» **TASK OBJECTIVE**:
Exclude every picture and return the remaining entries below verbatim.

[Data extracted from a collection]
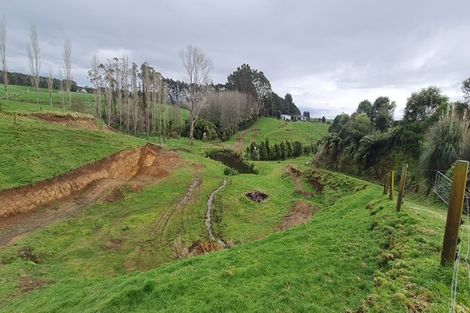 Photo of property in 190 Ohanga Road, Onaero, Waitara, 4383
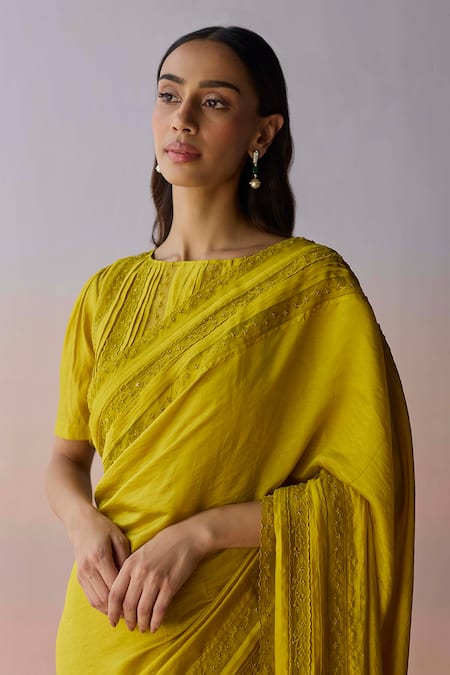 Buy_Surmaye_Yellow Organza, Silk Embroidery, Beads Whispering Ivy Saree 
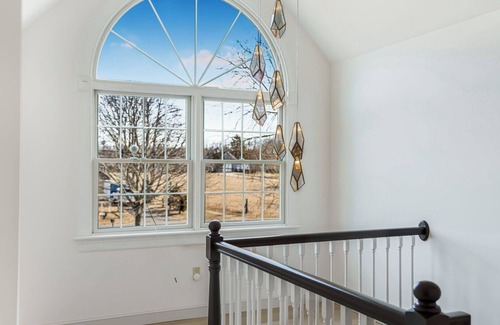 Southold House | Expansive North Fork Estate on almost 3 Acres, Close to Vineyards and.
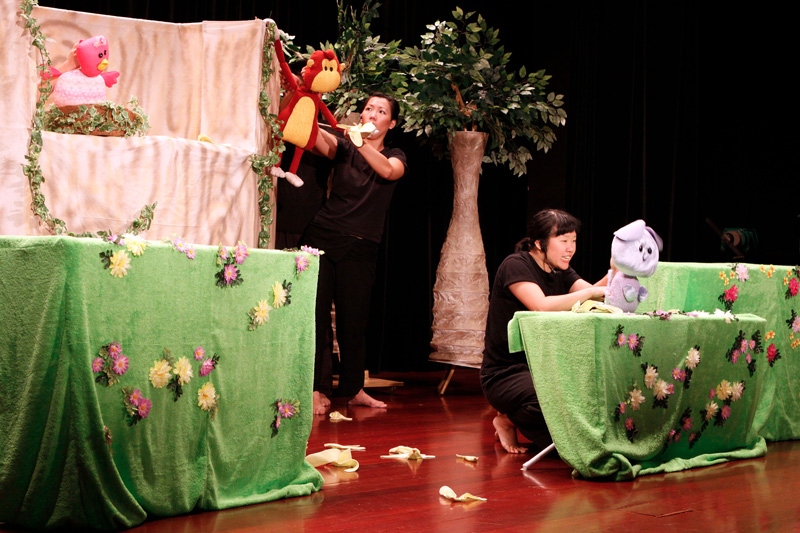 The monkey, duck and mouse neighbours in Tree Neighbours by Paper Monkey Theatre
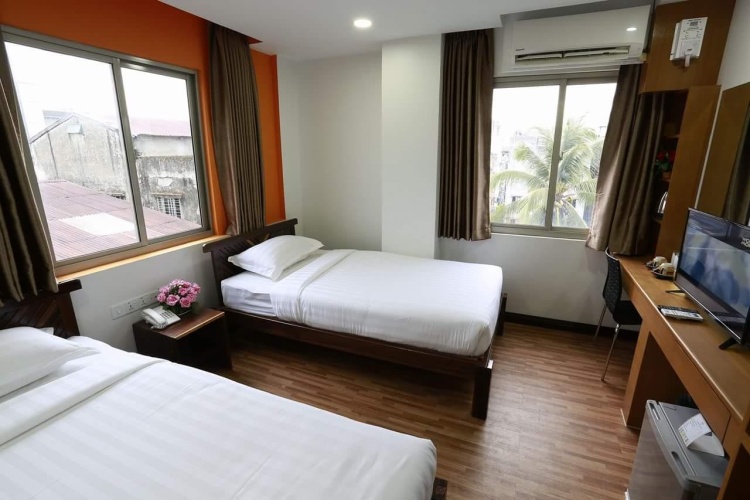 Superior Twin room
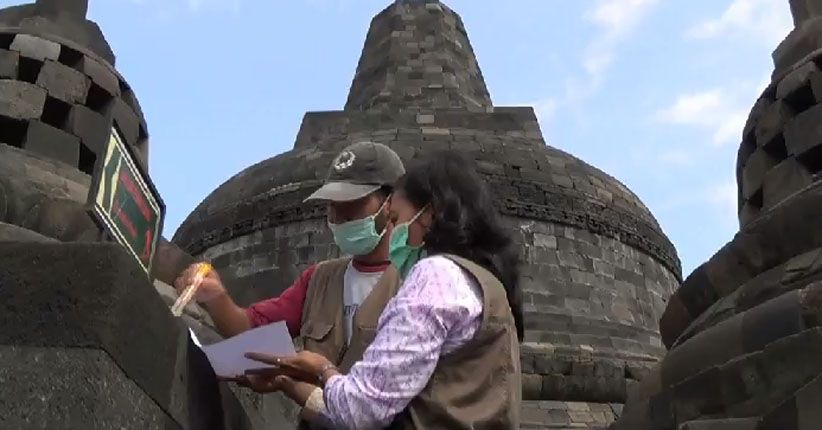 Petugas Balai Konservasi Bersihkan Abu Vulkanik di Candi Borobudur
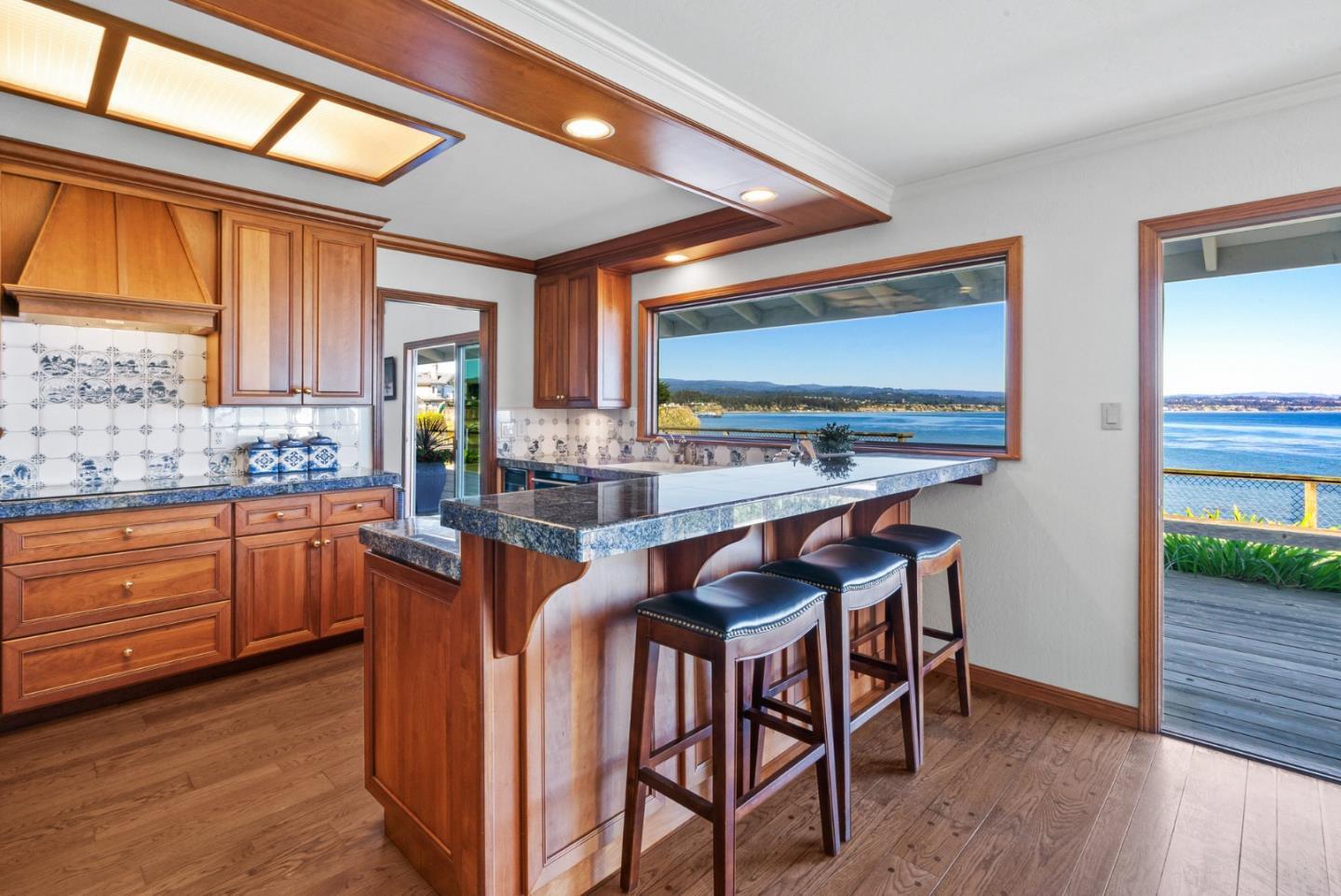 Detail Gallery Image 16 of 51 For 4250 Opal Cliff Dr, Santa Cruz,  CA 95062 - 4 Beds | 2/1 Baths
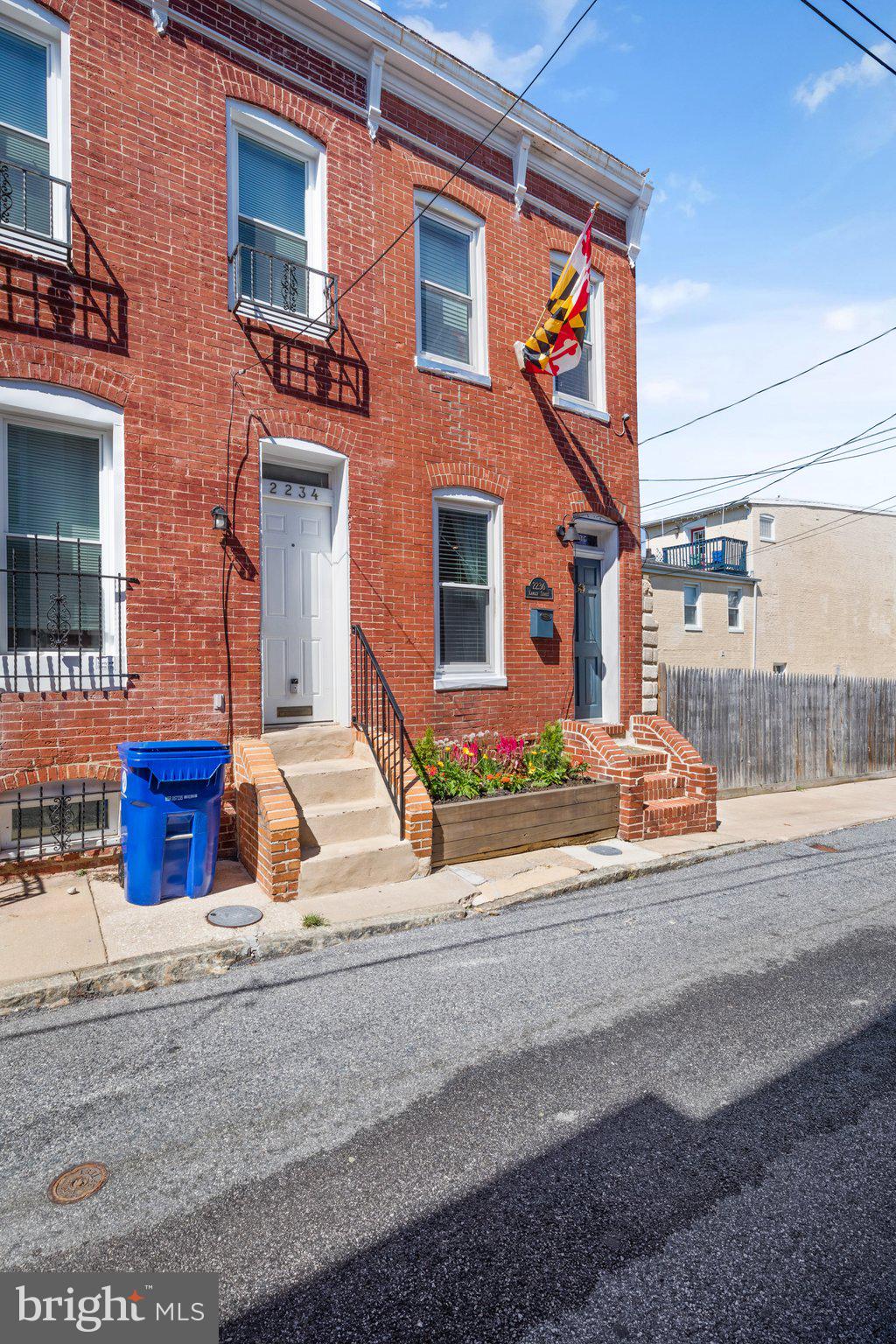 BUTCHER'S HILL - Residential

» **RESULT OF THIS EXERCISE**:
 Photo of property in 190 Ohanga Road, Onaero, Waitara, 4383
 Buy_Surmaye_Yellow Organza, Silk Embroidery, Beads Whispering Ivy Saree 
 Southold House | Expansive North Fork Estate on almost 3 Acres, Close to Vineyards and.
 The monkey, duck and mouse neighbours in Tree Neighbours by Paper Monkey Theatre
 Superior Twin room
 Petugas Balai Konservasi Bersihkan Abu Vulkanik di Candi Borobudur
 Detail Gallery Image 16 of 51 For 4250 Opal Cliff Dr, Santa Cruz,  CA 95062 - 4 Beds | 2/1 Baths
 BUTCHER'S HILL - Residential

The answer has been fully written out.